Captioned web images
_ _ _ _ _

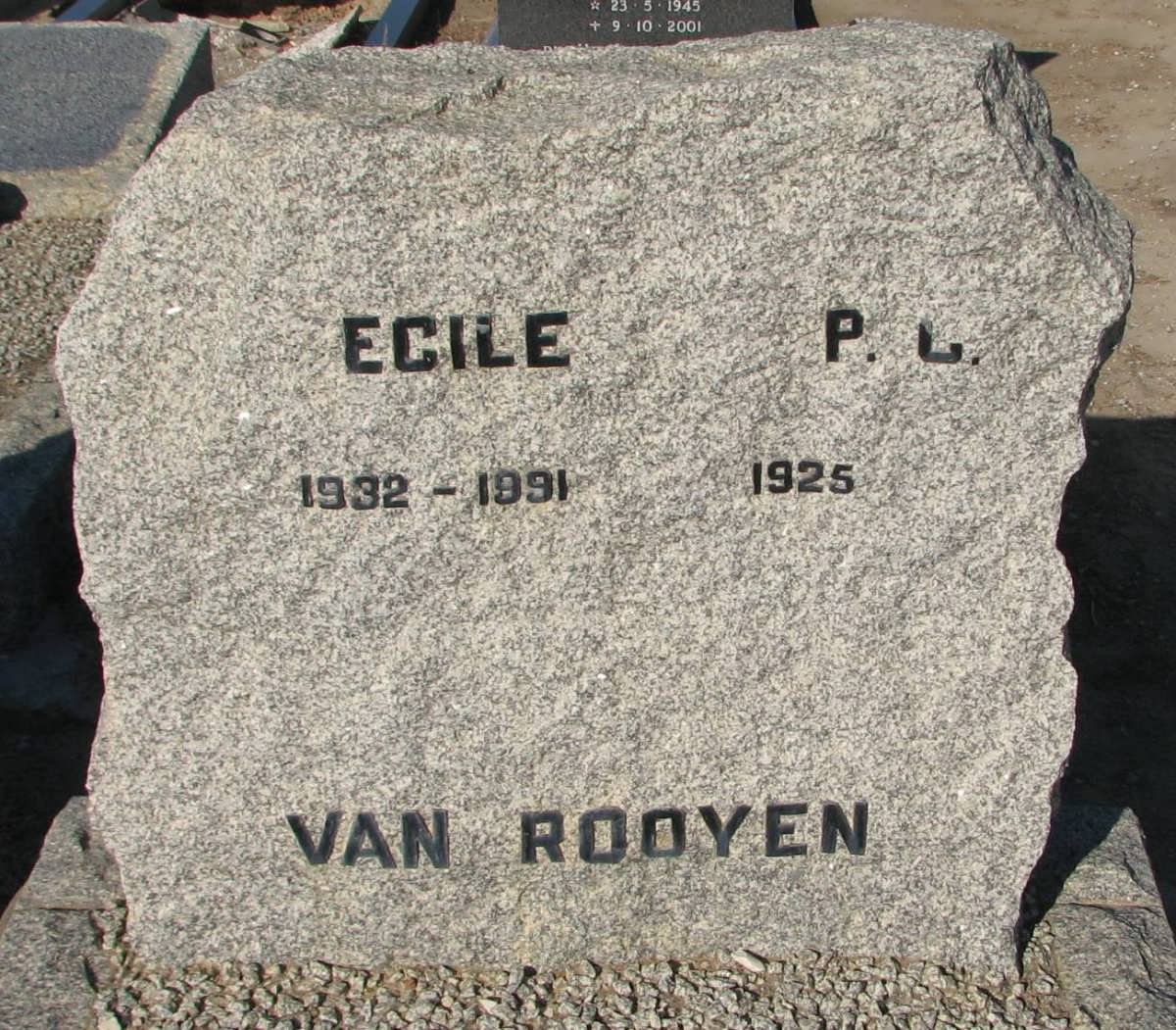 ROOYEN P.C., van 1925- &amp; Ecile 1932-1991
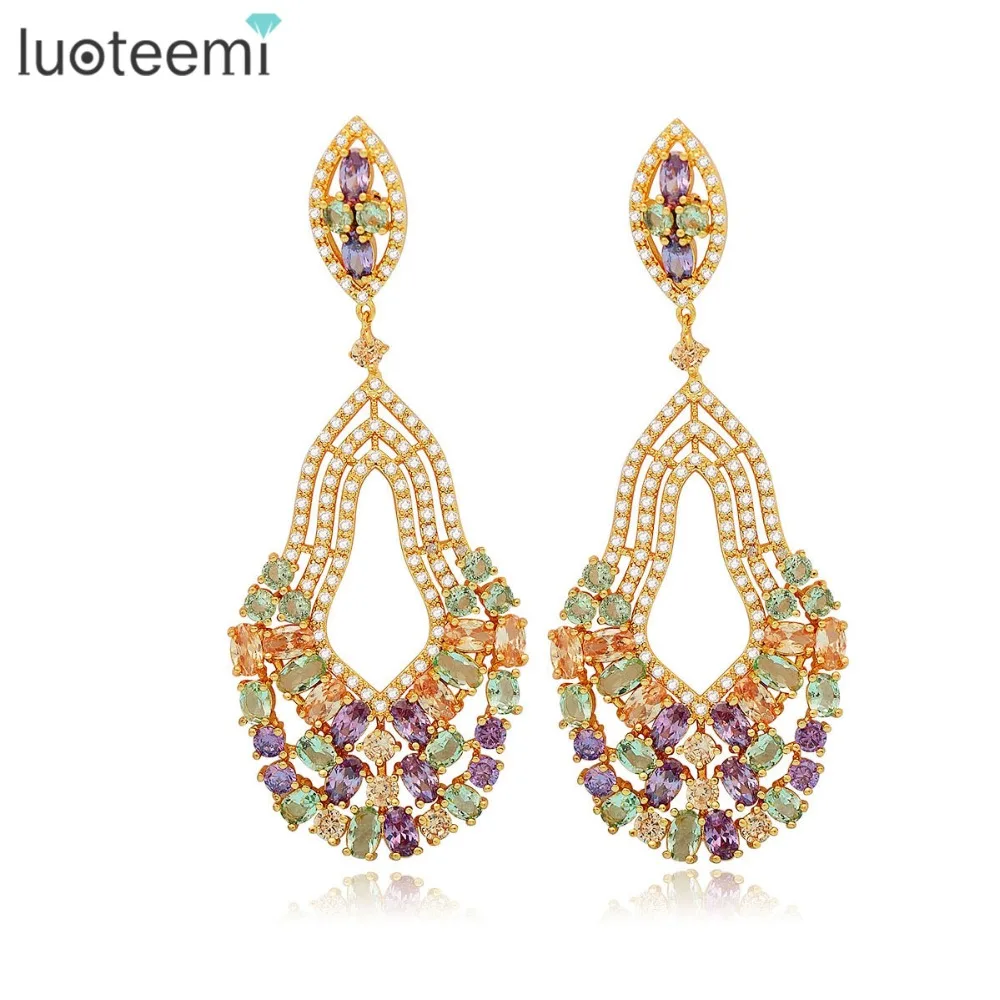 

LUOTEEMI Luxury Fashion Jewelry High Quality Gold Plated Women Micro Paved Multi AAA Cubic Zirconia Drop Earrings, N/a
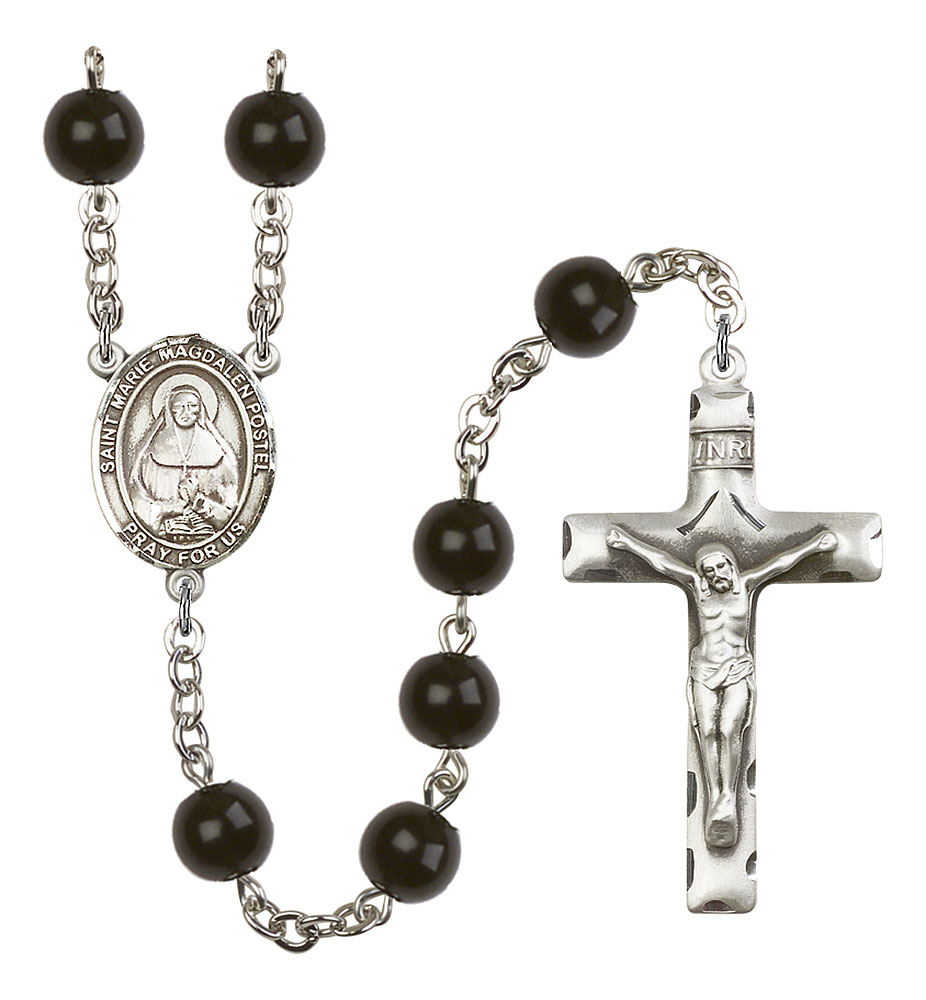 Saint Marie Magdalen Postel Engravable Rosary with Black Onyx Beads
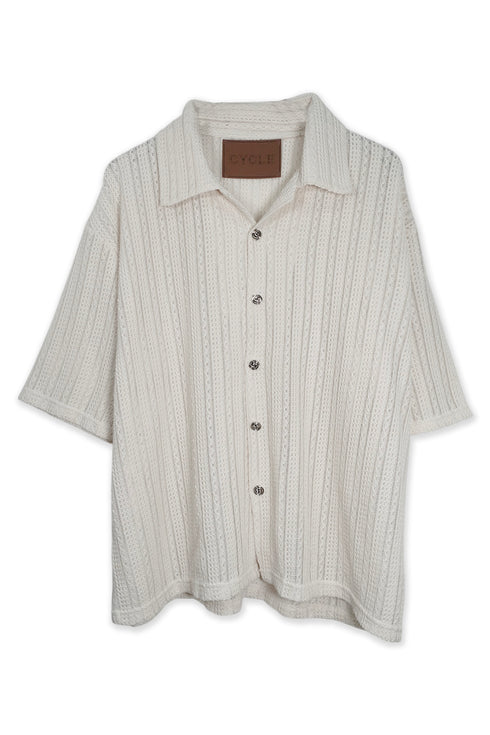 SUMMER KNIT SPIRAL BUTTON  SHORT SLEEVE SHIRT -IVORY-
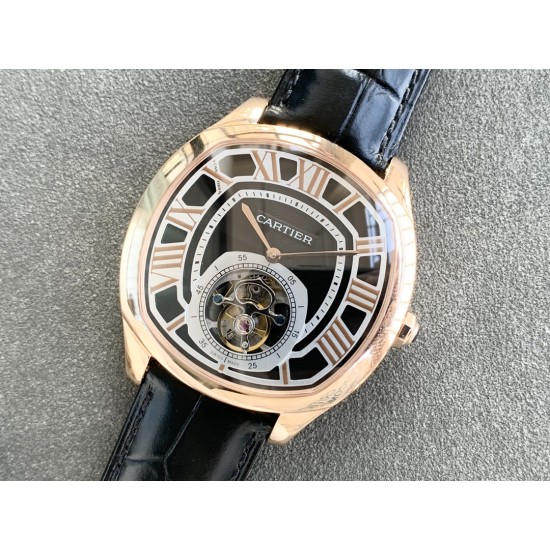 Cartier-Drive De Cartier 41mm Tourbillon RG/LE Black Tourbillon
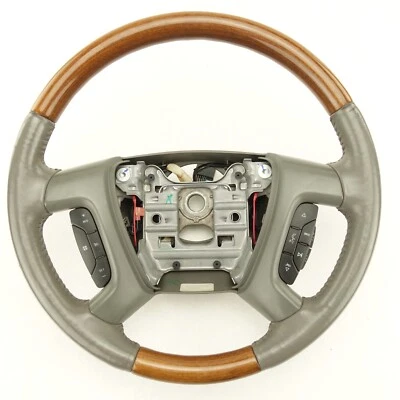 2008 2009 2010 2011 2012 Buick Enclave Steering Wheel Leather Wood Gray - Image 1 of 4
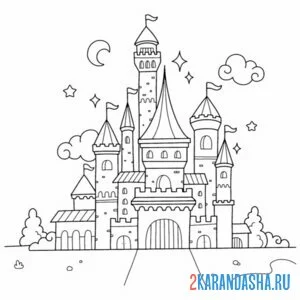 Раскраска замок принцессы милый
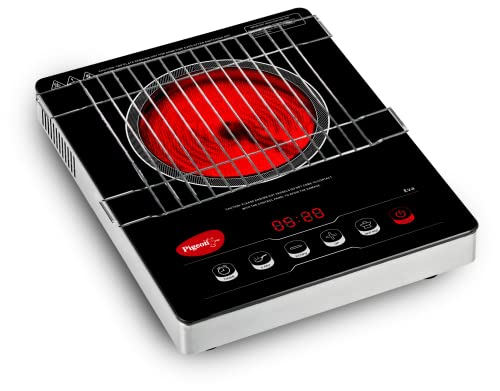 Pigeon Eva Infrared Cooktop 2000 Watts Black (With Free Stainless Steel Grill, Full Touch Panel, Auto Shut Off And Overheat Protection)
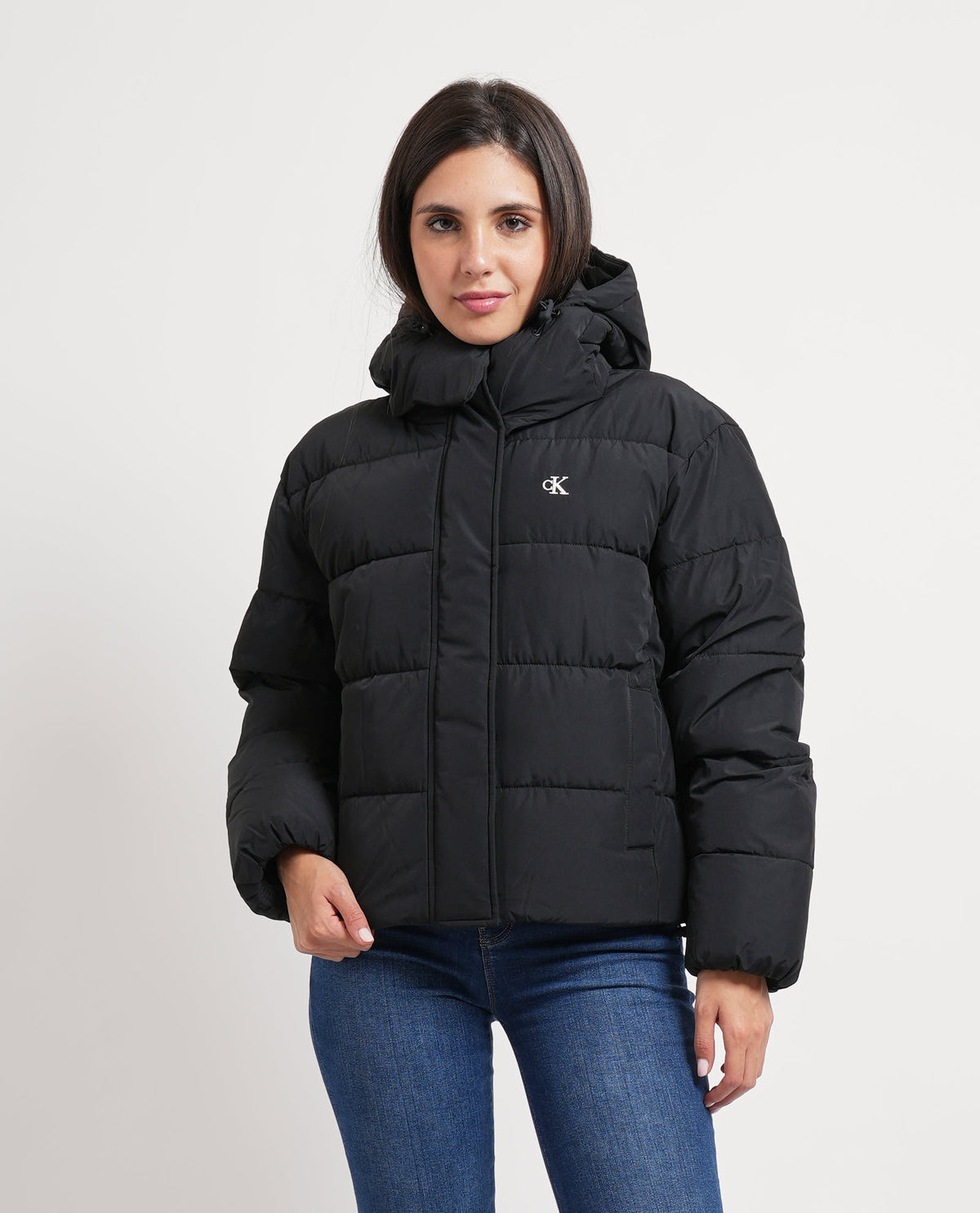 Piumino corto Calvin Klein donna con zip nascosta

_ _ _ _ _

Leave out the pictures and repeat exactly the lines from the first line of the data through the line containing "SUMMER KNIT SPIRAL". Add nothing else.

# Answer for this exercise
 ROOYEN P.C., van 1925- &amp; Ecile 1932-1991

LUOTEEMI Luxury Fashion Jewelry High Quality Gold Plated Women Micro Paved Multi AAA Cubic Zirconia Drop Earrings, N/a
 Saint Marie Magdalen Postel Engravable Rosary with Black Onyx Beads
 SUMMER KNIT SPIRAL BUTTON  SHORT SLEEVE SHIRT -IVORY-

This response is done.